Anche Cremona ha avuto il suo Leonardo: Janello Torriani. Semisconosciuto ai giorni d’oggi, riuscì ad ammaliare i due più potenti sovrani del suo tempo, Carlo V e Filippo II di Spagna. Al suo ingegno è dedicata la mostra “Janello Torriani, Genio del Rinascimento” che si svolgerà sino al 29 gennaio 2017 nel Museo del Violino di Cremona. La retrospettiva è curata dal ricercatore Cristiano Zanetti e da Cinzia Galli, Conservatrice del Museo di Storia Naturale del Comune di Cremona.
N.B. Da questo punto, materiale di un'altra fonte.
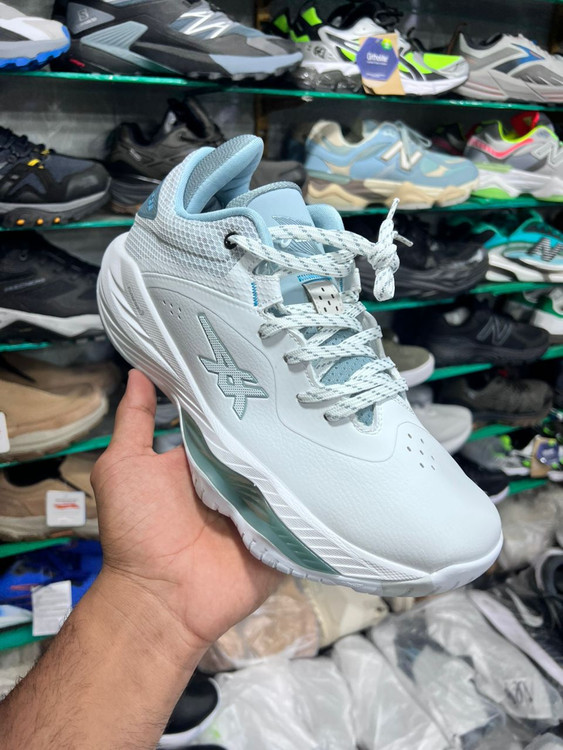 asics nova surge low /سایز ۴۰ تا ۴۵ /ساخت ویتنام /فروش عمده و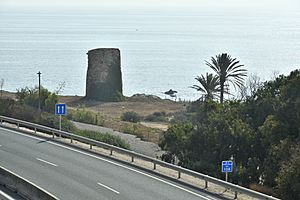 Archivo:Torre de la Chullera, en la costa de Manilva, provincia de Málaga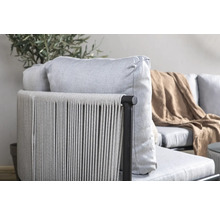 Närbild av en grå loungemöbel med rep för utomhusbruk.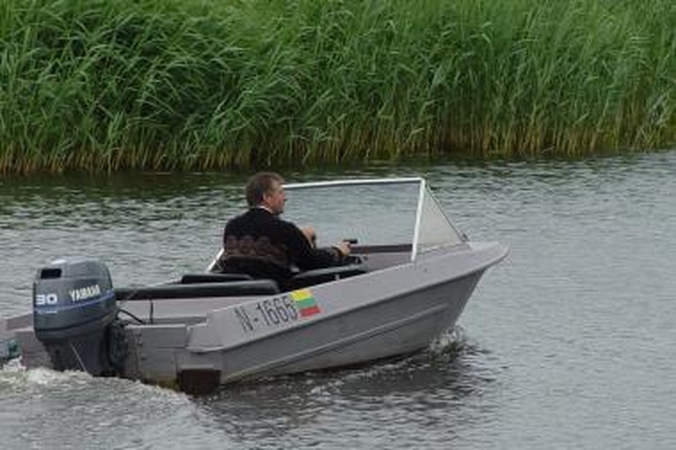 Valčių motorai žudo upių gyvybę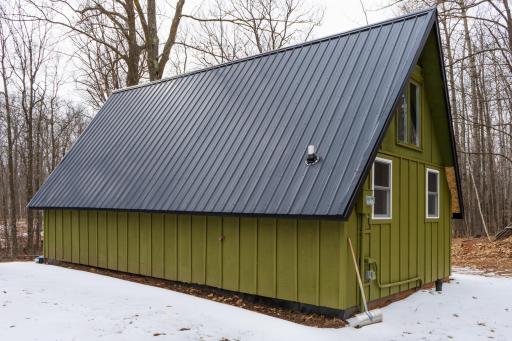 61128 Fleming Loop S, Askov, MN 55704
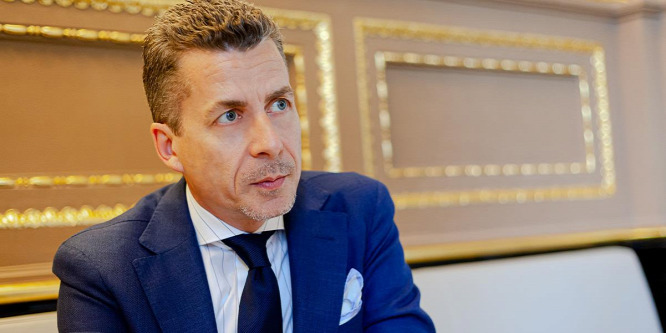 Rákay Philip újabb brutális videója: Gyurcsány és a Dobrev-klán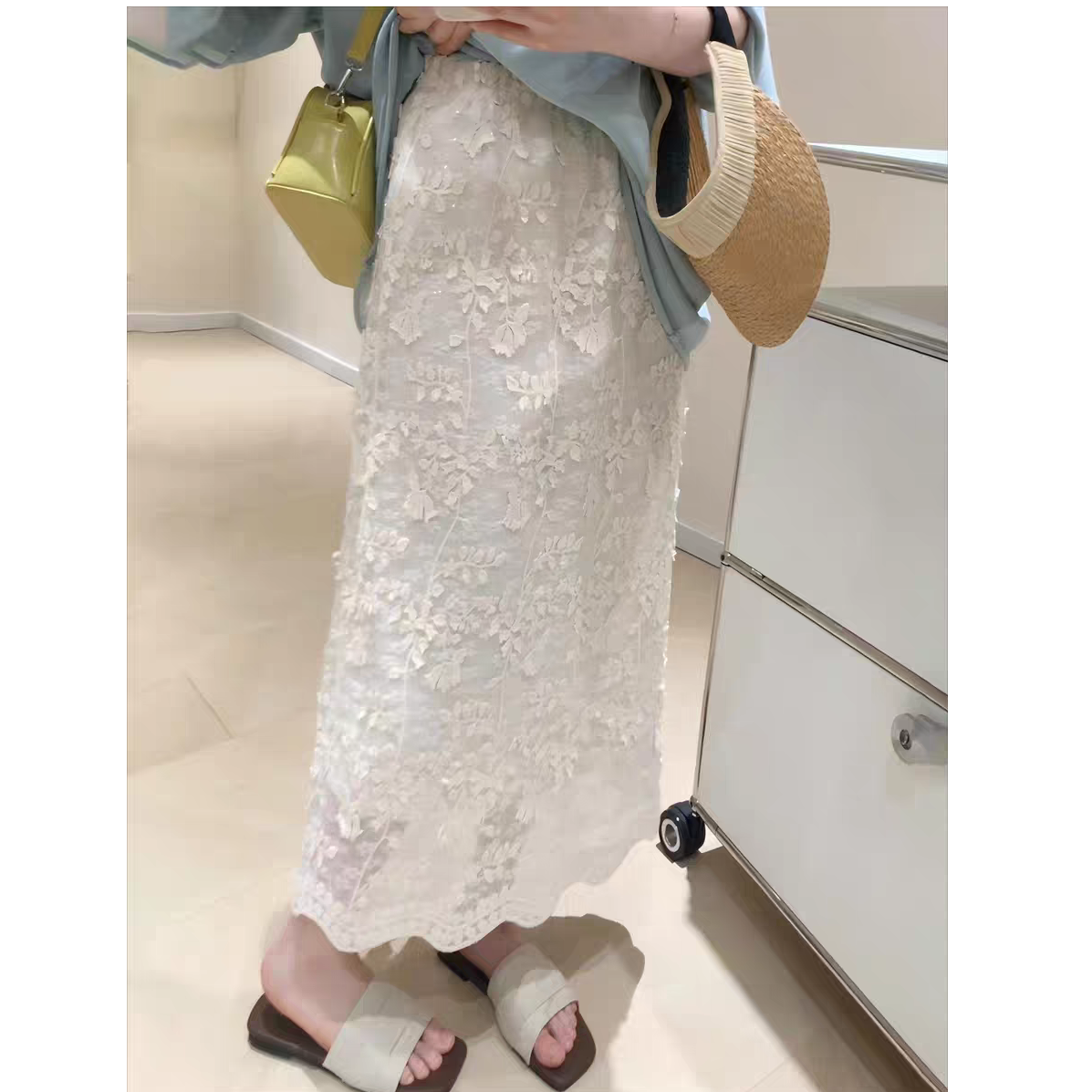 2025早秋季新款白月光裙韩系精致蕾丝半身裙高腰纯色中长款直筒裙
A differenza di Leonardo, Janello Torriani non sapeva dipingere, era uomo rozzo e tutt’altro che nobile, eppure le sue grosse mani da fabbro sapevano creare meraviglie che tutta l’Europa ambiva: meccanismi sofisticatissimi, gestiti da combinazioni meccaniche elaborate che a noi oggi sono garantite dalla tecnologia più avanzata.
Dalla sua mente e dalle sue mani uscivano orologi perfetti, nelle loro decine di funzioni, e bellissimi. Meravigliosi automi che suscitavano l’ammirazione e lo stupore delle Corti. Fu lui a elaborare le applicazioni della sospensione cardanica tutt’ora di uso quotidiano, ma che prese il nome da un altro, il Cardano appunto. La fama di Torriani lo portò persino a partecipare alla riforma gregoriana del calendario: nessuno come lui conosceva la perfezione del tempo.
Quando Torriani sia nato nessuno lo può dire con certezza, si suppone verso il 1500. La leggenda racconta l’evento che si verificò nel preciso istante in cui Janello veniva alla luce: un fulmine squarciò il cielo per scaricarsi sull’orologio del Torrazzo. Come a presagire che quel neonato sarebbe stato indissolubilmente collegato al funzionamento degli orologi.
A quel tempo era mitico l’Astrario di Giovanni Dondi, ma il Torriani, su commissione di Carlo V, costruì il più complesso orologio planetario della storia, mosso da circa 1.800 componenti meccaniche, chiamato ‘Microcosmo’. Non a caso fu lui a inventare la prima fresatrice per la costruzione delle ruote dentate. L’impresa richiese più di vent’anni per la progettazione e tre per la costruzione.
Il cremonese non si tirava indietro davanti a nessuna sfida, neppure a ciò che pareva a tutti impossibile, come il sollevare le acque del Tago sino alla sommità dell’Alcazar di Toledo. Costruì infatti per il Re di Spagna la prima macchina ciclopica della storia che elevava acqua per cento metri di altezza, quasi come il Torrazzo di Cremona, portando 18mila litri di acqua al giorno al castello reale lungo un percorso di 300 metri.